Charles Pasqua est accusé dans l'ouvrage d'avoir pris part
à l'échange du terroriste Carlos, établi à
Khartoum, aux policiers de la D.S.T le 17 août 1994 par le régime
islamiste du Soudan en échange d'un appui aux opérations
de nettoyage ethnique du régime soudanais. Verschave assure
selon un témoin que quinze jours avant l'arrestation de Carlos
et peu après, l'éminence grise du régime islamiste
de Khartoum, Hassan Tourabi, soit venu voir Pasqua à Paris.

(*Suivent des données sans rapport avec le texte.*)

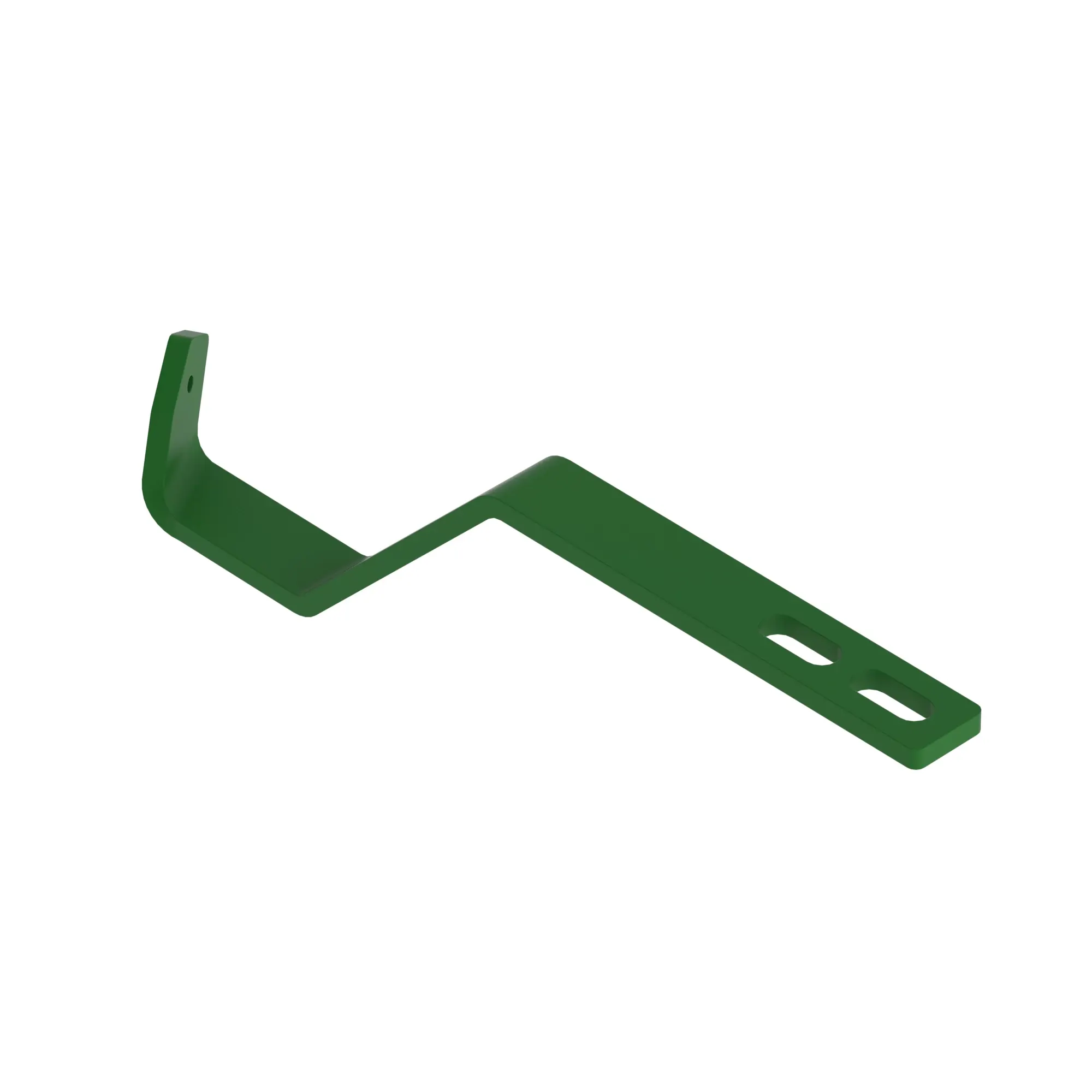 BRACE, CANOPY ROOF, LH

Ce dernier lui aurait assuré que le régime de Soudan
ne serait pas expulsé du FMI. Verschave l'accusait également
de "mener à l'aide de ces réseaux personnels, sa
propre politique africaine et arabe ".
Lors du procès Pasqua a reçu l'aide de l'ancien directeur
de la DST, Porant, qui a témoigné que les discussions
n'ont jamais abordé la question du nettoyage ethnique. Edmond
Alphandéry, un ancien ministre de l'économie a témoigné
en sa faveur tandis que Michel Roussin, ancien ministre de la coopération
a assuré que M. Pasqua "n'était en aucune manière
partie prenante à la politique étrangère de la
France ".
Au terme du procès François-Xavier Verschave a été
condamné à verser 1 franc de dommages et intérêts
à Charles Pasqua. " Le tribunal nous a donné raison
sur toute la ligne, sauf un point : il m'a reproché un défaut
de prudence dans l'expression, lorsque j'ai attribué au seul
Charles Pasqua la responsabilité du soutien français
au régime soudanais responsable de 2 millions de morts, alors
que cette responsabilité était en fait celle de l'ensemble
de l'exécutif français (4). Le fait
que toutes les autres personnes incriminées dans l'ouvrage
se soient abstenues de contester en justice ce qui leur était
reproché est pour François-Xavier Verschave la preuve
de la validité de ses propos.
(1)
La Françafrique, p.175.
(2)
Noir Silence, p.9.
(3)
Le Monde, "L'auteur de la " Françafrique "
poursuivi en diffamation à la demande de M. Pasqua", 3/03/99.